In FIG. 7, a range with a large attenuation difference between the two acoustic equivalent circuits, for example, a range above 12 kHz, is defined as a determination frequency range (referred to as “decision range” in FIG. 7). In this case, the total number of octaves Noct in the range from the resonance frequency fq to a lower limit of the determination frequency range fmin is expressed by the following Equation (5).





[Math. 5]





Noct=LOG2(f min/fq)  (5)


In an example in FIG. 7 and FIG. 8, assuming that the lower limit of the determination frequency range fmin is 12 kHz, Equation (5) of Noct=LOG2(12/1.4) is about 3. This shows that the lower limit is a frequency about three octaves higher than the resonance frequency fq.


The sound pressure level V2 of the direct sound (voice, the solid line in FIG. 7) in the frequency range above the resonance frequency fq is expressed by the following Equation (6), where A2 is an attenuation rate (an absolute value) and V20 is an initial value (0 dB in FIG. 7).





[Math. 6]






V2=V20−A2×Noct  (6)


In example in FIG. 7 and FIG. 8, the sound pressure level V2 of the voice at 12 kHz which is the lower limit of the determination frequency range, i.e. the sound pressure level V2 denoted by the solid line in FIG. 7, is obtained by Equation (6): 0 dB-6 dB×3=−18 dB.


The sound pressure level V1 of the indirect sound (piano sound, the dashed line in FIG. 7) in the frequency range above the resonance frequency fq is expressed by the following Equation (7), where A1 is an attenuation rate (an absolute value) and V10 is an initial value (0 dB in FIG. 7).





[Math. 7]






V1=V10=A1×Noct  (7)


In example in FIG. 7 and FIG. 8, the sound pressure level V1 of the piano sound at 12 kHz which is the lower limit of the determination frequency range, i.e. the sound pressure level V1 denoted by the dashed line in FIG. 7, is obtained by Equation (7): 0 dB-12 dB×3=−36 dB.


However, the voice to be produced needs to include a level substantially equal to a level of frequency components above 12 kHz which are included in the piano sound. For this reason, it is preferable that the voice is a transient voice with precipitous leading edge or a consonant including a large number of high-frequency components, for example.

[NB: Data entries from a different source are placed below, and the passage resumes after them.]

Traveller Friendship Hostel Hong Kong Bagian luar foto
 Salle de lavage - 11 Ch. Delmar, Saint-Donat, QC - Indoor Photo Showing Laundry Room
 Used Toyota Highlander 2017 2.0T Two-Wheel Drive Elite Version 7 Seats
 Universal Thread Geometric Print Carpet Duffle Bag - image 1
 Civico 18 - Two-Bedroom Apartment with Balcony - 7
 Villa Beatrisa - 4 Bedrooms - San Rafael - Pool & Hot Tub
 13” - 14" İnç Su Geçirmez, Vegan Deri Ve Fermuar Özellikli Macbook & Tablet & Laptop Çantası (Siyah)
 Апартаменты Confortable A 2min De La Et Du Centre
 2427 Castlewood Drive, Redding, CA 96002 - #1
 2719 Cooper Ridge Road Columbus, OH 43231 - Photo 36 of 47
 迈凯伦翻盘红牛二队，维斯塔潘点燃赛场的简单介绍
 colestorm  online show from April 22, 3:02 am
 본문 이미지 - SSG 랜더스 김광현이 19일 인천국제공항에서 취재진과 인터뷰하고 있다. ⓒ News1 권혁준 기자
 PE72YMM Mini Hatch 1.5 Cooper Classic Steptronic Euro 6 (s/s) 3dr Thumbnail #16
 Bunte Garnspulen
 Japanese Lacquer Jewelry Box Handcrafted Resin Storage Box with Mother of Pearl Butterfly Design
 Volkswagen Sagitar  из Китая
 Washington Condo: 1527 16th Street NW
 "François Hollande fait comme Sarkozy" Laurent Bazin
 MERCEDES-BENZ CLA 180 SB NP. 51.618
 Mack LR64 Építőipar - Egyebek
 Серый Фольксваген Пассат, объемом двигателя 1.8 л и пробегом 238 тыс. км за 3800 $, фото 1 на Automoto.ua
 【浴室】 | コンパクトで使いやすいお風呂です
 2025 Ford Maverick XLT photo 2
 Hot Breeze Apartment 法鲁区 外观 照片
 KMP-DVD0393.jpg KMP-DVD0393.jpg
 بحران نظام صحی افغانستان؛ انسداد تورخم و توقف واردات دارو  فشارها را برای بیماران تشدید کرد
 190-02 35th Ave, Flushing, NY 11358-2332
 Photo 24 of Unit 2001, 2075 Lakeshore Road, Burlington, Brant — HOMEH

From the above description, a threshold is provided between −18 dB and −36 dB because the sound pressure level V2 of the direct sound at 12 kHz is −18 dB and the sound pressure level V1 of the indirect sound is −36 dB under a condition shown in FIG. 7 and FIG. 8. When the sound pressure level Vmic measured in the microphone unit 203 is greater than the threshold, it can be determined that the direct sound is input. It should be noted that FIG. 7 and FIG. 8 shows the case where the indirect sound and the direct sound received by the microphone unit 203 have the same sound pressure level in the low frequency range (V10=V20=0 dB) as an example. When the sound pressure level of the piano sound (the indirect sound) is higher than that of the direct sound (the initial value is greater than 0 dB), the dashed line shifts up on the chart. Even in this case, the input of the direct sound can be detected by providing the determination frequency range within a frequency range with a large difference between the sound pressure level V2 of the direct sound and the sound pressure level V1 of the indirect sound.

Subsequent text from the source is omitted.